READ ‘EM AND WEEP

In my continuing quest to earn money while sitting at home reading the paper, I’ve decided to write a bestselling management book.  Nothing too fancy – just an unlikely concept carried to its extreme and endorsed by Kenneth Blanchard.

Actually, while I’m at it, why don’t I write a whole batch, under different pseudonyms, and sell them all at once?  I just need to do use the Modelling technique and reproduce what successful authors before me have done, and the royalties will surely come flooding in.

Here then, is my Spring book catalogue. All orders to the usual address – cash only.

 

Meat! How to Get Your Team Sizzling by Marcus J. Winkenfalter, Bart D. Nardler and Conradin Von Gugelberg

The authors show how the simple management techniques used by their local butcher can be used to (as they put it) “re-sizzle your team’s sausage”.  Chapters include ‘Wield that Chopper’; ‘Tripe Can be Edible Too’ and ‘Some Cuts Need Slower Cooking’.  Described by Ken Blanchard, author of The One Minute Manager Loses His Watch, as ‘The greatest book ever written based on the management techniques used by a local butcher.”.  (Also available in a UK version: Quorn: How to Make Your Team Mildly Interested).

 

Who Moved My Knitting? By Lucas F. Klaustenhaller, M.D.

The powerful fable of two elderly spinsters sharing a house.  Each day, they get up at the same time, and sit in the same chairs knitting jumpers for relatives. One morning, they both find their knitting has disappeared.  Ethel cannot cope, has a complete breakdown and ends her days in a secure mental health unit; Elsie, though, sees it as an opportunity to embrace change, and flies round Europe on a home-made micro light aircraft.  And the moral?  (Rats – I knew I’d forgotten something.) Ken Blanchard, author of The One Minute Manager Moves to Italy and Gets a Terrible Shock, says: “No more knit-one-pearl-one living for me.”

 

Flipchart Magic: How To Make Your Pen Mightier Than Any Sword In The Battle For Participant Enthusiasm  by Jack Constable

“You can tell a trainer by his flipcharts,” says internationally renowned flipchart creator Jack Constable in this powerful and stimulating hands-on guide which will (as Jack puts it) ‘flip your flips’.  Jack shows you how, with a little practice, even the most artistically challenged training professional can produce audible ‘oooh’s and ‘aaah’s from their course participants.  Topics covered include: using different colour pens; drawing a wiggly red line under the title; and, for the more advanced, writing at the same time as you talk. One delighted reader reports: “I spent 30 minutes creating a copy of the Sistine Chapel ceiling on a flipchart, then turned round to find the group had gone into a trance, so overwhelmed were they by the experience.”

 

The Tao of Filing by Yos Ushi

Do you get angered by boring, repetitive tasks?  Then this book is for you.  As its author says in the introduction:

“Like the whisper

Of water following its true path

So the whisper

Of a well-oiled filing drawer

Reunited with its contents.

Thus we find balance in the world.”

Chapters include: ‘Being as One With the Index Card’; ‘A Misfiled Letter In Birmingham Causes A Hurricane In Stockton On Tees’ and ‘Your File Is Only As Empty As Your Mind’.  Ken Blanchard, author of The One Minute Manager is Given 59 Seconds to Live says: “File under ‘Wow!’”

 

Alan Titchmarsh’s Guide to Management.

Tired of the same old management metaphors?  Give your motivational team talks a lift with this thoroughly worked through gardening analogy.  Let Alan transform you from a Weed Puller into a Nurturing Gardener.  Analyse your and team members’ styles using the handy Plant Personality guide: are you a Rose (attractive but thorny), a Gypsophilia (insipid alone, but useful in a mixed bunch) or one of the other 352 species described in detail?

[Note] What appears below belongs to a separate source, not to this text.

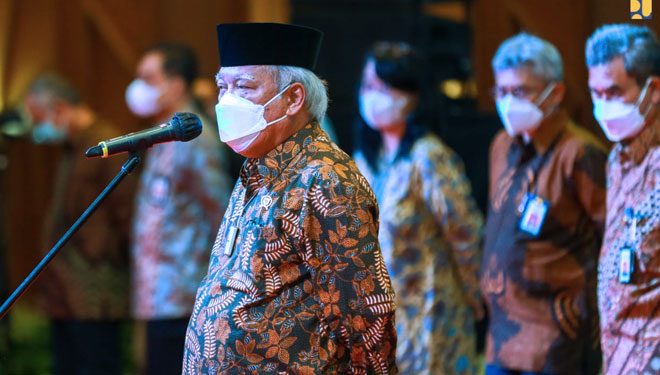 Menteri PUPR RI Basuki Hadimuljono saat melantik sejumlah pejabat Kementerian PUPR RI, di Auditorium Kementerian PUPR RI, Jumat (4/3/2022). (FOTO: Biro Komunikasi Publik Kementerian PUPR RI)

Once you know what type of plant you’re dealing with, says Alan, then it’s simply a question of getting the right ‘soil’, ‘nutrients’ and ‘light’ (we won’t spoil the book by telling you what these are metaphors for!)  Among the book’s many memorable insights are “Climbers can’t climb unless they have something to climb up.” And “If you don’t like getting your hands dirty, wear suitable sturdy gloves.” One satisfied reader reports: “I now realise my team are all vegetables.  Thanks Alan.”  Ken Blanchard, author of The One Minute Manager Alienates all His Colleagues With His Smug Way of Always Getting People Management Absolutely Right, says: “I was convinced this was an existing book about gardening with just a new cover, but when the endorsement cheque arrived I realised how wrong I was.”